Долго ли, коротко ли, но сын графа Дондре стал своим средь горцев. Люди, где бы они ни жили, по сути своей, везде одинаковы. И как бы новые знакомые Бранслава не отличались на первый взгляд от друзей его из долины, но и их сердцам смог он подобрать ключи. Скоро сошёлся муж Йовилль со всеми министрами, обоими королевичами, теперь приходящимися ему шуринами, и даже с суровым горным властителем. Все отмечали добрый нрав графского сына, и каждая достаточно влиятельная семья горной страны считала за обязательство пригласить его к себе на обед или ужин. Потому-то первые месяцы Бранслав проводил в разъездах, гуляя на устроенных в честь него пирах и участвуя в охоте.

Но когда число приглашений сошло на нет, и супруг принцессы перестал служить главной темой светских пересудов, эдакой диковинкой, скрашивающей вечера зажиточных горцев, стало ясно, что с женой-то своей Бранслав поладить никак не может. Нет, они не ругались, не ссорились, но рядом с Йовилль мужчина держался отстранённо и вовсе не ласково, как полагается любящему супругу. При народе он улыбался ей, называл своей голубкой, но когда двери их покоев затворялись, всякая приятность в нём исчезала. Бывало, за весь день не скажет Бранслав её высочеству ни одного слова. То за книгой спрячется, то примется строчить длинные письма.

— Кому вы всё пишете? — не выдержала, спросила Йовилль.

— Отцу своему. Хворает он, вторую неделю с постели встать не может. Сердце от того моё не на месте, но что делать, не могу же я вас, моя дорогая, бросить?

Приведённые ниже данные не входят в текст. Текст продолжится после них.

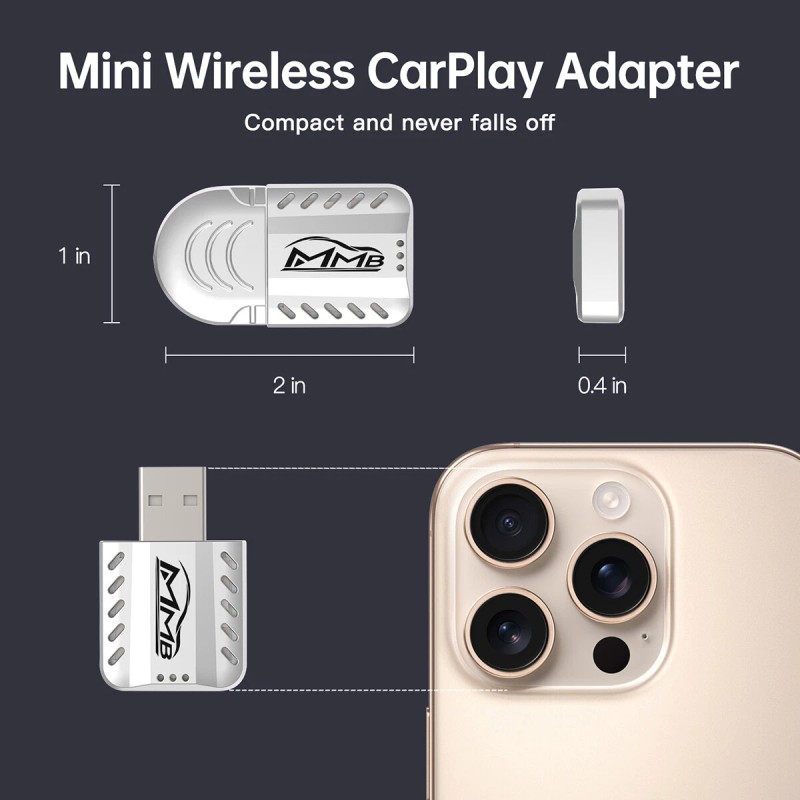 MMB Wireless Carplay Smart Ai Box, Wired to Wireless Adapter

— Почему вы сразу не сказали? Вы не пленник, не слуга, и вольны ехать куда угодно. Отложите перо и прикажите собрать всё необходимое к отъезду. Завтра же отправляйтесь домой, навестите вашего батюшку и будьте там столько, сколько сочтёте необходимым.

Прояснилось лицо Бранслава. С такой живостью засобирался он домой, словно, и впрямь, был не зятем горному властителю, а пленным рабом. А на следующее утро, не успело даже солнце взойти, взлетел графский сын в седло, да и был таков.